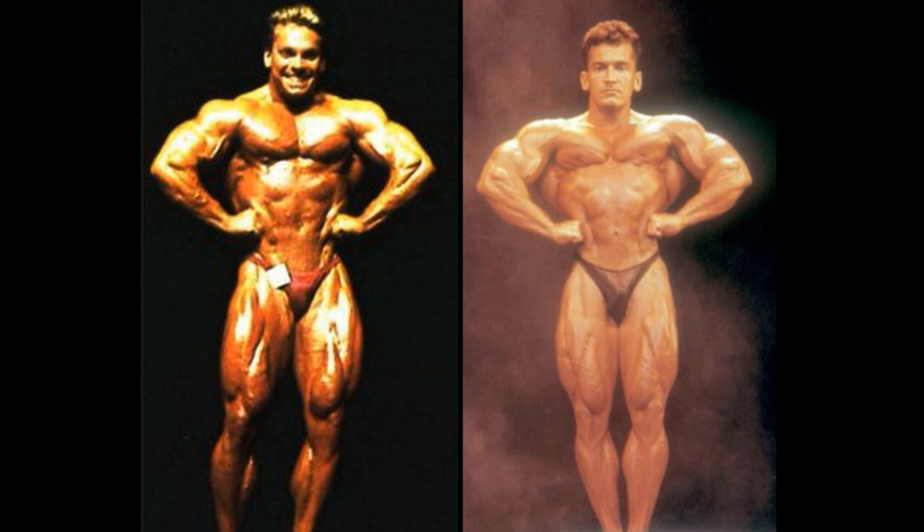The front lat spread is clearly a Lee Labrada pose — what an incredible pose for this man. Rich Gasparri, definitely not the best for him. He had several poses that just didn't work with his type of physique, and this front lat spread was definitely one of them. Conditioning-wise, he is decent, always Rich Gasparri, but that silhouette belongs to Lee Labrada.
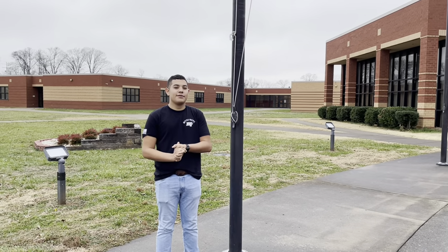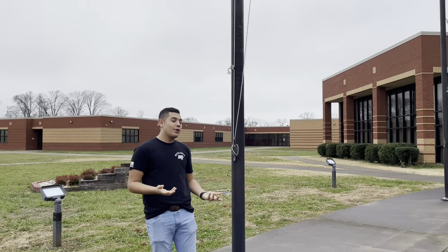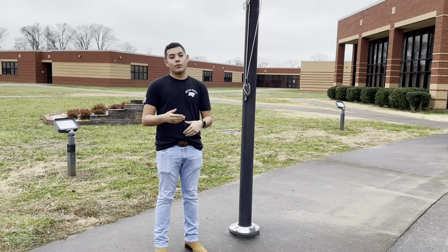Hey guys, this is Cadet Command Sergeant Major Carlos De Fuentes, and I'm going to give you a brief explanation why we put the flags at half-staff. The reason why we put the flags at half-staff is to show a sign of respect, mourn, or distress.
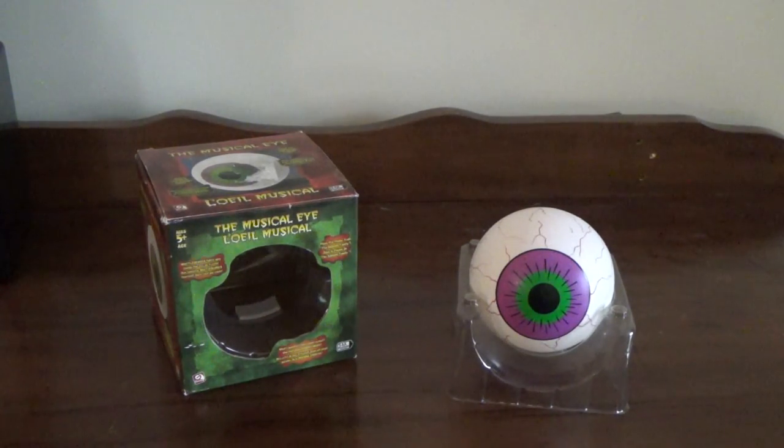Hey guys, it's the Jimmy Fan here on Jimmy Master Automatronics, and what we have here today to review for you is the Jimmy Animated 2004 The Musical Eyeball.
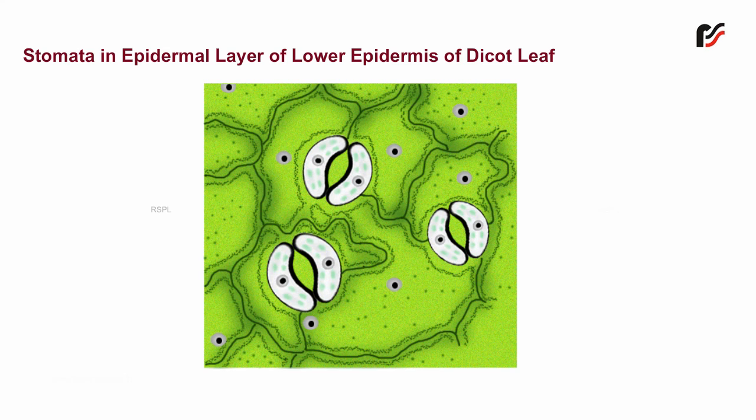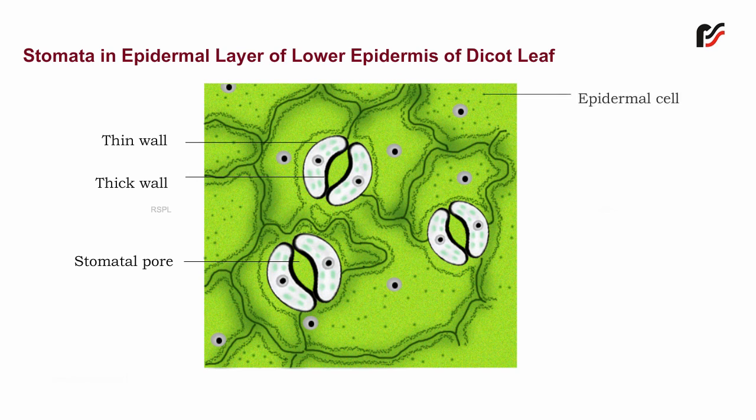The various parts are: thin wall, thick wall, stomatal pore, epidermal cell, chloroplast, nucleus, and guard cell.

■ ■ ■

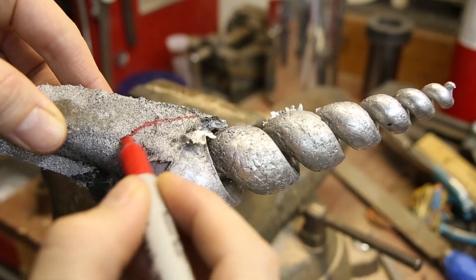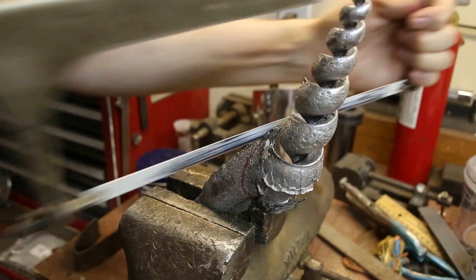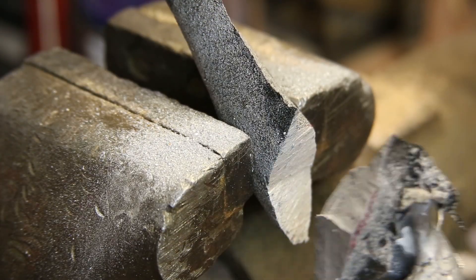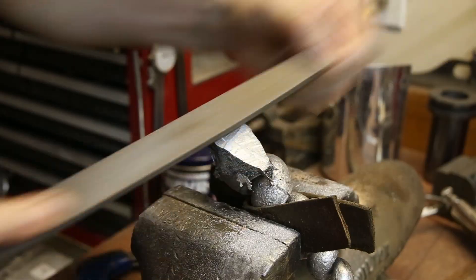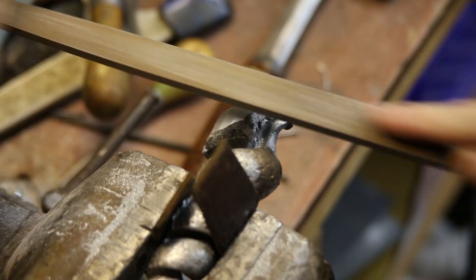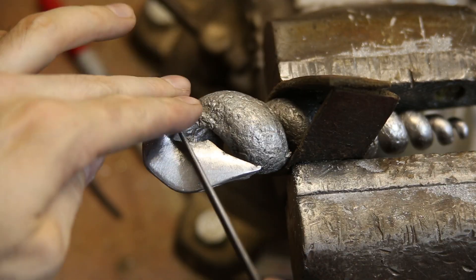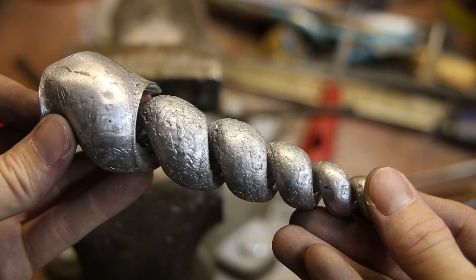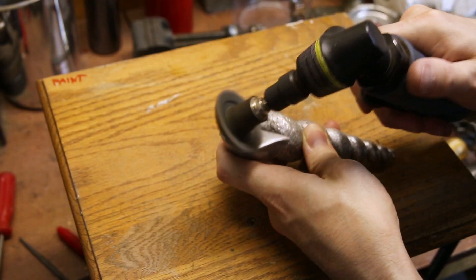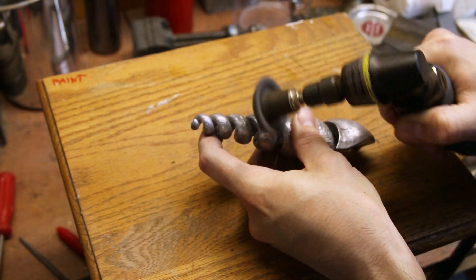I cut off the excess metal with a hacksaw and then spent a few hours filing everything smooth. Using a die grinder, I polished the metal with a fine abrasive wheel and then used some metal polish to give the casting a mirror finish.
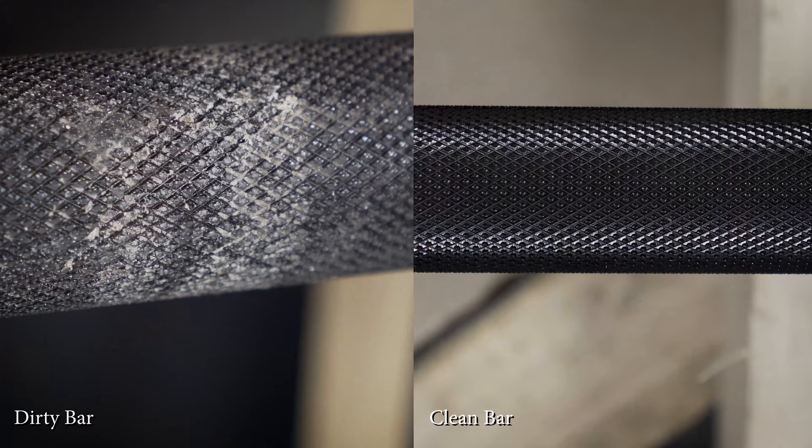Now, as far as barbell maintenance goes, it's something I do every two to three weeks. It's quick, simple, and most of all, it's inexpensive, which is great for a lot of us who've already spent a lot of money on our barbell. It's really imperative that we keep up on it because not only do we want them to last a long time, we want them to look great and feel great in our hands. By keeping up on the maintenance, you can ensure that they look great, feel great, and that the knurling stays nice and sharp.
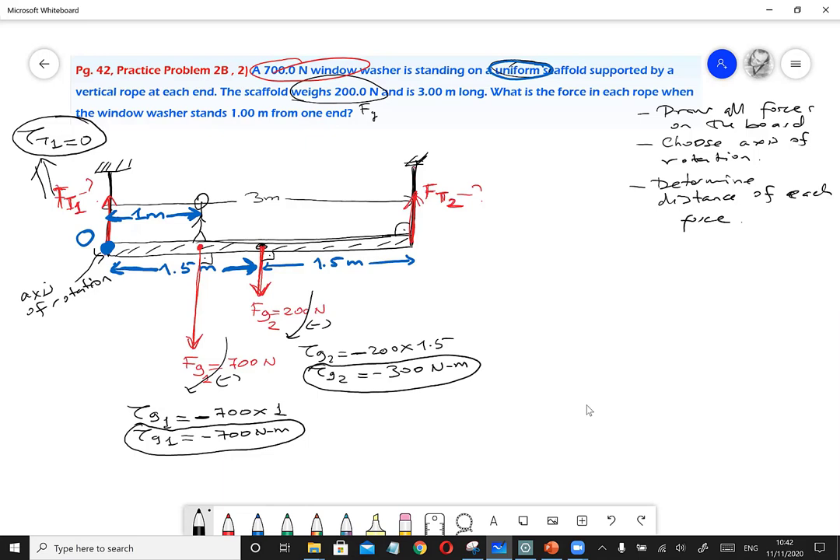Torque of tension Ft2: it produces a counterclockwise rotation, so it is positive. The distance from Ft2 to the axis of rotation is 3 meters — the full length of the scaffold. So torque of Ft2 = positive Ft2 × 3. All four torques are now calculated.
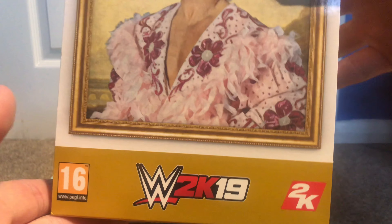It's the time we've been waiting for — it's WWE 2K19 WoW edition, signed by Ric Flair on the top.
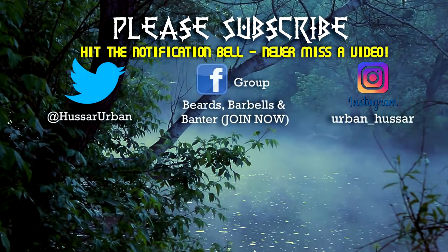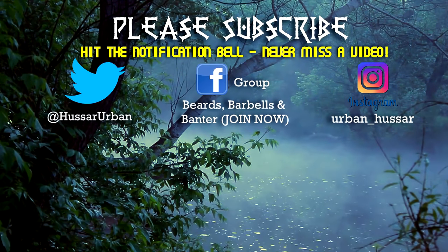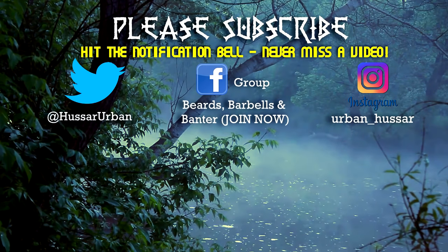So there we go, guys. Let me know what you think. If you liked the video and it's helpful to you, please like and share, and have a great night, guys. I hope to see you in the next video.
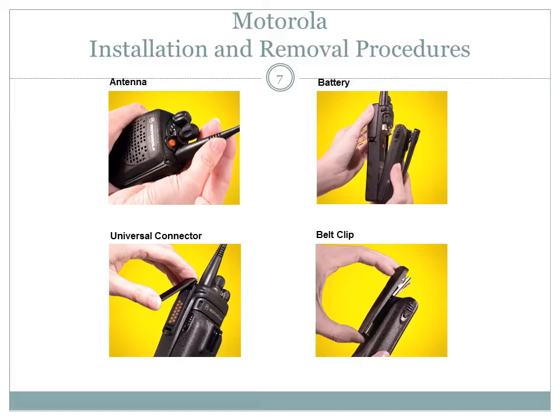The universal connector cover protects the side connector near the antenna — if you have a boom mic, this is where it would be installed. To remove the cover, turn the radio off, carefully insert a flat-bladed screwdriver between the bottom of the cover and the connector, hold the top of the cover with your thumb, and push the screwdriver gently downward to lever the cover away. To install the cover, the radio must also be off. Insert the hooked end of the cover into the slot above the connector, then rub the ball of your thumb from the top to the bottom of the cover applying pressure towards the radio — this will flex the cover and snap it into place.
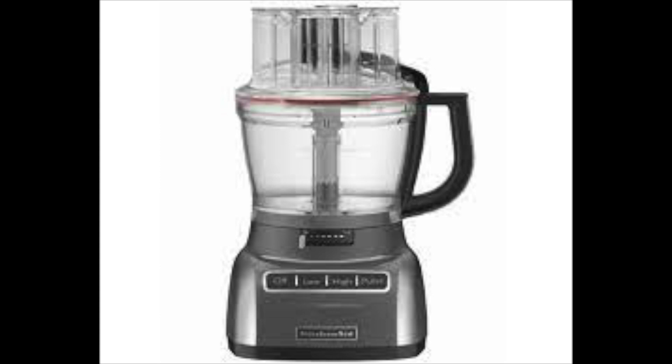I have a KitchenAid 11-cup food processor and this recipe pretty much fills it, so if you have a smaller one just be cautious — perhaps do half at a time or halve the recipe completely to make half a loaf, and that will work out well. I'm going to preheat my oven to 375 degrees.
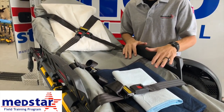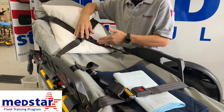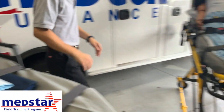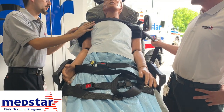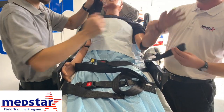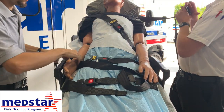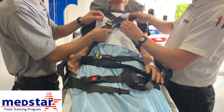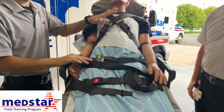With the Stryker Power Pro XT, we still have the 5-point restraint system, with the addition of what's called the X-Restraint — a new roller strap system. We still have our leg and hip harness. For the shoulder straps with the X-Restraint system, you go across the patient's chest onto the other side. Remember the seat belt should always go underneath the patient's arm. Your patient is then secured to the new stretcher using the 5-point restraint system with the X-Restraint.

■ ■ ■

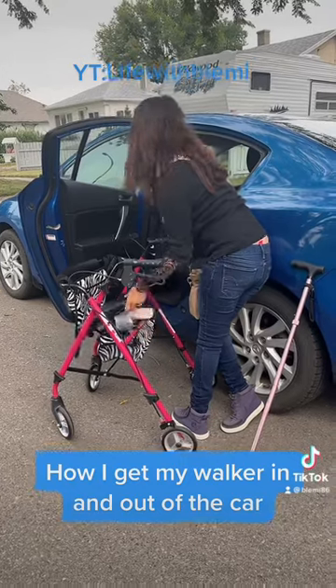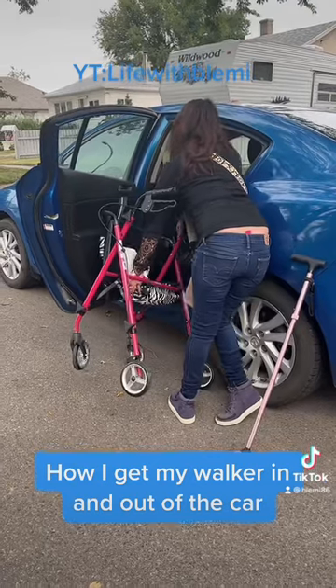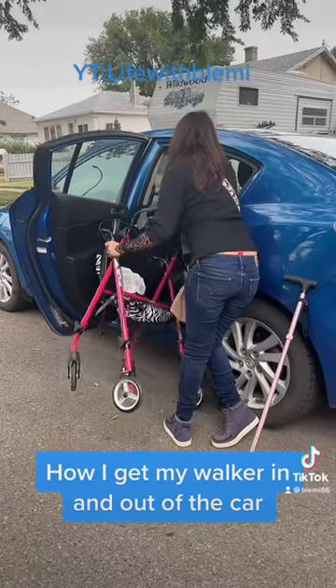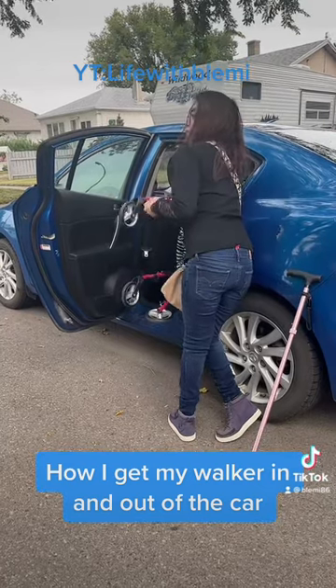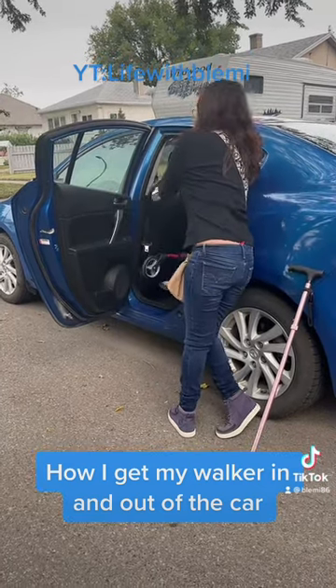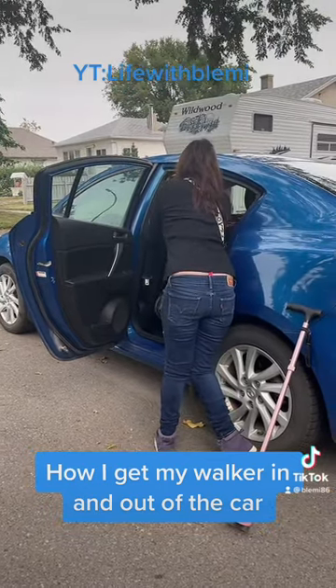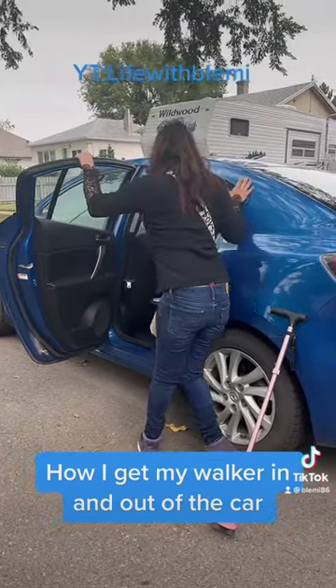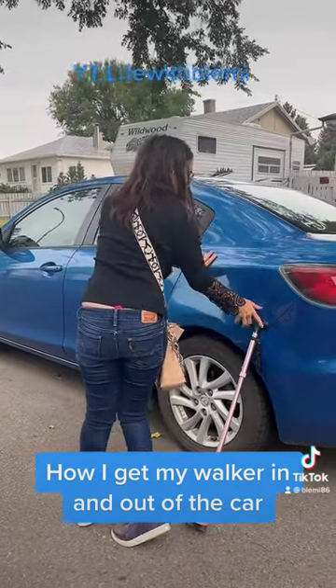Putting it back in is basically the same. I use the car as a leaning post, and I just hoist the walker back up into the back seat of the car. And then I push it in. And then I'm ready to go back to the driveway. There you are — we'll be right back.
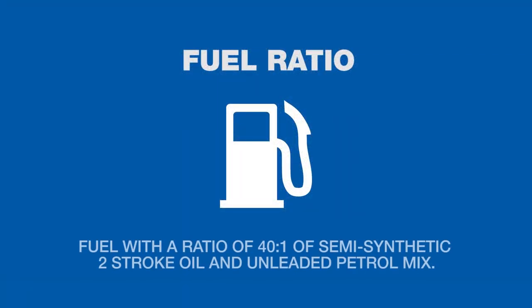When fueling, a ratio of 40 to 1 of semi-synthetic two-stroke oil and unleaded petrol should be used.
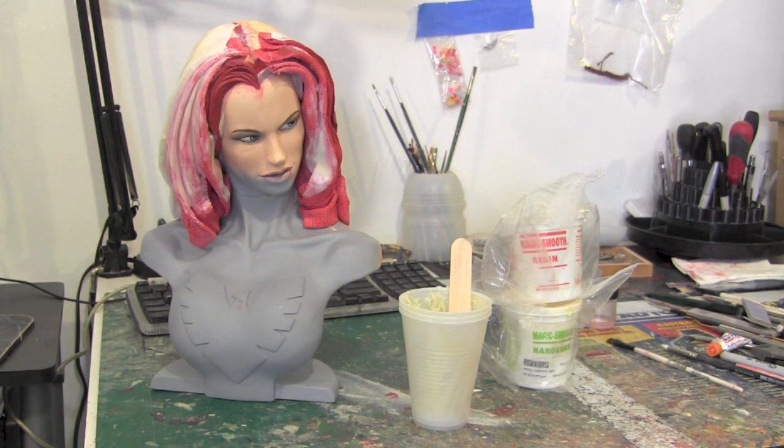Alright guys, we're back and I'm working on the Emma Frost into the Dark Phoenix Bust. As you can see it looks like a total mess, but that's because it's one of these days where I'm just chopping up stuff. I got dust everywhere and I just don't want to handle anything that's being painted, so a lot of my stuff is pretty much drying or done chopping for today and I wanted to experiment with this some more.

■ ■ ■

_PROBLEM_
Every line above from the one with "I have a KitchenAid" down to the one with "With the Stryker" must be written out exactly, and no picture may appear.

_ANSWER TO THE EXERCISE_
I have a KitchenAid 11-cup food processor and this recipe pretty much fills it, so if you have a smaller one just be cautious — perhaps do half at a time or halve the recipe completely to make half a loaf, and that will work out well. I'm going to preheat my oven to 375 degrees.
With the Stryker Power Pro XT, we still have the 5-point restraint system, with the addition of what's called the X-Restraint — a new roller strap system. We still have our leg and hip harness. For the shoulder straps with the X-Restraint system, you go across the patient's chest onto the other side. Remember the seat belt should always go underneath the patient's arm. Your patient is then secured to the new stretcher using the 5-point restraint system with the X-Restraint.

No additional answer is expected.